Looking To Make Your Glock Full Auto? Amazon Has An ILLEGAL Full Auto Conversion. DO NOT BUY. - The Firearm BlogThe Firearm Blog

You Tube....


----------



## Steve M1911A1 (Feb 6, 2008)

According to federal law, any *part* which converts a semi-automatic firearm to a fully-automatic firearm, is itself classified as a fully-automatic firearm, and must be accompanied by the paperwork, fingerprints, clearances, and tax stamp that restricts the ownership of any fully-automatic firearm.

Mere ownership of this part (actually an assembly of three parts) is not necessarily illegal, but *installing* it into a semi-automatic firearm, therefore rendering it fully-automatic, is definitely illegal if not accompanied by the required paperwork, fingerprints, clearances, and tax stamp.

Furthermore, only a fool would attempt to protect himself with a fully-automatic pistol. Firing such a weapon cannot be done with any accuracy, and very few (if any) of the sprayed bullets would hit the intended, um, target. Most of those bullets would be uncontrolled, and would very likely harm innocent bystanders.

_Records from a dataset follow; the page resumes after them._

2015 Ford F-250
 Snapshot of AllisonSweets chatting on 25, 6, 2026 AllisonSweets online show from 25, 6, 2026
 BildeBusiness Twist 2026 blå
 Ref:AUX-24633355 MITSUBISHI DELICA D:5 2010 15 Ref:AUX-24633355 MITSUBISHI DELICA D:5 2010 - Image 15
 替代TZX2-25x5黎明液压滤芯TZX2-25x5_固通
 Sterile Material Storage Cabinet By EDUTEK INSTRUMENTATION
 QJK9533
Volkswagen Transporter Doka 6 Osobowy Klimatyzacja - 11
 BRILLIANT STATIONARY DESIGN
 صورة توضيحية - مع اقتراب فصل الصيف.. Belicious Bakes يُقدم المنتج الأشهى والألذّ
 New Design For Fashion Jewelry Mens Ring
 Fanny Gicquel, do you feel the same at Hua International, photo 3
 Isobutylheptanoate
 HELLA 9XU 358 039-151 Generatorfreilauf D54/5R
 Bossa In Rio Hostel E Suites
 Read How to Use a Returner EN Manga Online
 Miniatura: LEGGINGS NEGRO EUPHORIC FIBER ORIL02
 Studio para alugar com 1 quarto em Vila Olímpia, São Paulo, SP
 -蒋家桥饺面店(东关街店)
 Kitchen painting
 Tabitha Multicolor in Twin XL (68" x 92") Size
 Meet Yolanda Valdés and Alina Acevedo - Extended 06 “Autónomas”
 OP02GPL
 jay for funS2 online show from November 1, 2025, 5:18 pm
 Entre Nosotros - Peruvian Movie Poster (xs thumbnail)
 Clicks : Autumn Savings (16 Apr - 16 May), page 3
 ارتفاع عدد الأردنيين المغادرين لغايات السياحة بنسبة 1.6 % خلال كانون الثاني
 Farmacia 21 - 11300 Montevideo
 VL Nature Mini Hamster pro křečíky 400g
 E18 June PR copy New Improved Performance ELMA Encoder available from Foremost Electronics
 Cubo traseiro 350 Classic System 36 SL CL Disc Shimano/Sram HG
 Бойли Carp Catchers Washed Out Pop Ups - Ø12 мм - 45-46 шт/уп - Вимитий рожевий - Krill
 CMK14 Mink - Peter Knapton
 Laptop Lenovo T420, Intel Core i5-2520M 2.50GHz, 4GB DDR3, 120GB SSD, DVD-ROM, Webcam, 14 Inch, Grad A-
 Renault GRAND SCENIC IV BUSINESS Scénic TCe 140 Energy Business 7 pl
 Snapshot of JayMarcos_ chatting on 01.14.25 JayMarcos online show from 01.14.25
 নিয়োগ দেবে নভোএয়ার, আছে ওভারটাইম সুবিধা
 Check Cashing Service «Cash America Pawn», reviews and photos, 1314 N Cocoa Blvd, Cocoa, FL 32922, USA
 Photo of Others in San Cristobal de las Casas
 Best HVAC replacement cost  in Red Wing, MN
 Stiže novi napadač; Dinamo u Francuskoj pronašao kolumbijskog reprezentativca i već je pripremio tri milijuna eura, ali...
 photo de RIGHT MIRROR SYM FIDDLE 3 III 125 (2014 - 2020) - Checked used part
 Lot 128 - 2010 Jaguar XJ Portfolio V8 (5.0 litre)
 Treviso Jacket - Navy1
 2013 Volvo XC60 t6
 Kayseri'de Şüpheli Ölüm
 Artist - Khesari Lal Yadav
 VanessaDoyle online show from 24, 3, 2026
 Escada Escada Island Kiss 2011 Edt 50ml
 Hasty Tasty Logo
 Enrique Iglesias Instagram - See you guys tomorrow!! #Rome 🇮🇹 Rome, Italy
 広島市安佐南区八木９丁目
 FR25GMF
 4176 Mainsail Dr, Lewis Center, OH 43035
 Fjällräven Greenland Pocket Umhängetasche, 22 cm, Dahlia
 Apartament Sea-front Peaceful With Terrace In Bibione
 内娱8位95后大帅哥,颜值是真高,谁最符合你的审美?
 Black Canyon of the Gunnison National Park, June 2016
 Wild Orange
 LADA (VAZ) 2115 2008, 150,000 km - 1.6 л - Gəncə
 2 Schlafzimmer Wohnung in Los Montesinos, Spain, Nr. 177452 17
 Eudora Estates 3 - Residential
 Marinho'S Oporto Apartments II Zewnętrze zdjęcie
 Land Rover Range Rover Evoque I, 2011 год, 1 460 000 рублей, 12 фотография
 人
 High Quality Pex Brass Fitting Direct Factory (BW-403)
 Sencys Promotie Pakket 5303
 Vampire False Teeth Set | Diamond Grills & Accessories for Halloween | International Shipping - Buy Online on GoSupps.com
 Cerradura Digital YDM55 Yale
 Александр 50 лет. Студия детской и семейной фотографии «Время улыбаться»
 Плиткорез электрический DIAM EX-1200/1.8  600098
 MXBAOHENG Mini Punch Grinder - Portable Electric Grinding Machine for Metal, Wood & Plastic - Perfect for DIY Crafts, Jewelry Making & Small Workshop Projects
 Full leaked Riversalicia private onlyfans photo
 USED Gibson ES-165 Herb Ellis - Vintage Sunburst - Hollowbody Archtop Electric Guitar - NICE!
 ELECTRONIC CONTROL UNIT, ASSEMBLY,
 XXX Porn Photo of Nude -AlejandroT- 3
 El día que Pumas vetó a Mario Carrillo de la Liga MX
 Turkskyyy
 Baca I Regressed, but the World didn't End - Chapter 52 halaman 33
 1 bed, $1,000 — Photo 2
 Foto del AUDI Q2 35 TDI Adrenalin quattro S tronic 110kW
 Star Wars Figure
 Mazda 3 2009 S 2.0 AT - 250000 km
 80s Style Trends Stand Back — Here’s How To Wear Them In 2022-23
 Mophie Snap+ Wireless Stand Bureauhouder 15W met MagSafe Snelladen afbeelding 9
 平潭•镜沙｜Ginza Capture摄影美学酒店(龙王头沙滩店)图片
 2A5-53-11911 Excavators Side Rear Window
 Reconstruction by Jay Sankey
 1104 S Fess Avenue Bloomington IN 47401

Fully-automatic pistols are the fantasy weapons of wanna-be Nazis, Leninists, Stalinists and Fascists, for whom the lives of innocent bystanders are without meaning. People who would actually use these weapons are irresponsible in the extreme, and, by extension, so are the people who make them.

Even legitimate users of fully-automatic shoulder-fired weapons like sub-machine guns require extensive training and practice, before becoming usefully effective with them.
But no amount of training and practice will make a person usefully effective with a fully-automatic pistol.


----------



## faststang90 (Apr 8, 2013)

ok I had ordered two of them but I stopped the order thanks


----------



## Craigh (Jul 29, 2016)

faststang90 said:


> ok I had ordered two of them but I stopped the order thanks


Good, though I mostly agree with Steve, he might be wrong on one count. Some of these devices are not only illegal to install, but also illegal to own whether installed or not. For example, the auto sear is considered itself part of the serialized firearm, I believe and one must have that very expensive licence to buy one made prior to 1986. Moreover, many states are banning bump and slide stocks. They describe any device which increases the rate of fire. I believe this device would fall under that. As I remember, these new laws do not grandfather in previous owners. It is a felony to fail to turn yours in. Get a felony on your record and you can't own any firearm. I'd steer way clear. No reason to risk it all for a device which works so poorly. If you want some kind of machine gun, you'll have to do as Steve says. It's a very expensive and time consuming process. If you practice enough, you can fire quickly enough and accurately enough with your finger.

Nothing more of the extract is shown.